Search engines have same speech rights as New York Times says Google report

Just as the New York Times can decide “All the News That’s Fit to Print,” search engines have a free speech right to choose who or what to put in their search rankings.

That’s the conclusion of a prominent First Amendment scholar commissioned by Google to make the case that the government can’t tell search engines how to design their results.

A Free Speech Right?

According to the report authored by UCLA law professor Eugene Volokh: “Google, Microsoft’s Bing, Yahoo! Search and other search engine companies are rightly seen as media enterprises, much as the New York Times Company or CNN are media enterprises” and deserve the same protections. It adds that search engines have the same freedom to choose a set of links as do news aggregators like the Drudge Report or the Huffington Post.

Search engine results are a form of opinion, says the report, in which companies offer information they think is most relevant to users.

In practice, this would mean Google has the right to punt sites like Yelp, which has complained that Google is a monopolist, to the search equivalent of Siberia if it decided that was best for users (Yelp now comes up second in a search for “restaurant review”).

The US has a long history of companies claiming First Amendment protections. One example is a newspaper that was allowed to exclude certain advertisers even though it had a “substantial monopoly.”

The courts have also made a few exceptions to the free speech rule. One case involved a publisher that was sued for providing inaccurate flight maps. Another involved cable providers which, a court said, did not have a free speech right to exclude certain channels.

Volokh’s report says those free speech exceptions don’t apply to search engines because, unlike cable providers, it’s not just a pipe for information. It also echoes Google position that consumers can easily use a competing search engine.

In an interview, Volokh said Google’s situation is also similar to a 1980′s case in which an author launched a failed suit against the New York Times’ over the accuracy of the newspaper’s weekly best-seller list.

Google’s strategy shift

In response to an email query, a source at Google explained Volokh’s report by saying, “we thought these issues were worth exploring in more depth by a noted First Amendment scholar.”

There is another likely explanation for Google’s decision to release the report — to thwart the government from regulating its search results. Recall that the company is in the middle of an ongoing federal investigation into whether it’s using its dominance to choke competition. If Google refuses to settle the matter, the Justice Department may consider filing an anti-trust suit.

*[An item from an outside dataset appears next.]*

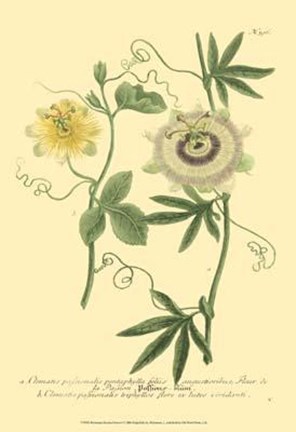 Framed Passion Flower I Print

Google may have released the report, then, to try and persuade government lawyers that they would lose an anti-trust case on First Amendment grounds.

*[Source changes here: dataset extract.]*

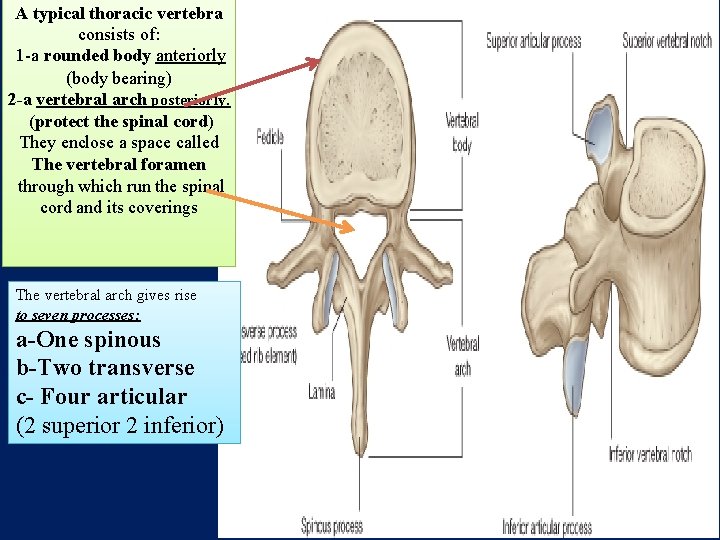 A typical thoracic vertebra consists of: 1 -a rounded body anteriorly (body bearing) 2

The report also marks a strategy shift for Google. In the past, the company has responded to anti-trust allegations by saying that it didn’t have a dominant market position and that, in any case, it didn’t discriminate in its results. Google only claimed free speech as a fallback argument.

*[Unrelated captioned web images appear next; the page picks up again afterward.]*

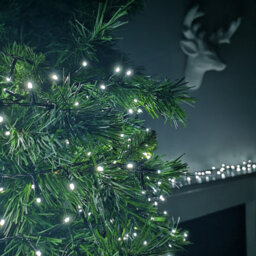 Premier - 3000 Led Multi Action Treebrights With Timer - White/green - thumbnail 9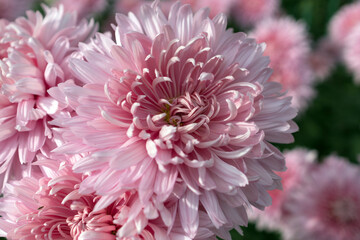 Autumn. Blooming chrysanthemum..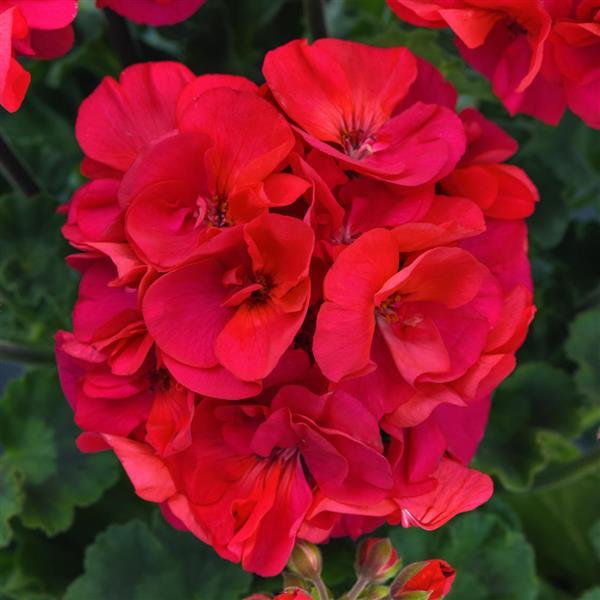 Presto™ Fuchsia Zonal Geranium - Bloom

Now, Google appears to have given up claiming that its results are always neutral and is instead betting the farm on the First Amendment argument.

Only in America?

Courts so far appear to support Google’s view that search rankings are simply another form of opinion that is protected by the First Amendment.

In 2003  an Oklahoma ad company accused Google of harming its business when it downgraded the company in search listings. A federal judge threw out the case on free speech grounds. At the same time, in 2007,  a California court said Google’s rankings were “private property” in response to a company that complained that a low ranking violated its free speech rights.

Overall, in the US, Google may have a strong case that its free speech rights override the federal government’s antitrust concerns about its search results.

This argument, however, is unlikely to fare as well in other countries that lack America’s robust free speech protections. In places like Europe and South Korea where Google is also under investigation, the company’s claim that its results are an “opinion” could put it in deeper trouble.

Eugene Volokh, the author of the new report titled “First Amendment Protection for Search Engine Results” is also the author a popular law blog called the Volokh Conspiracy.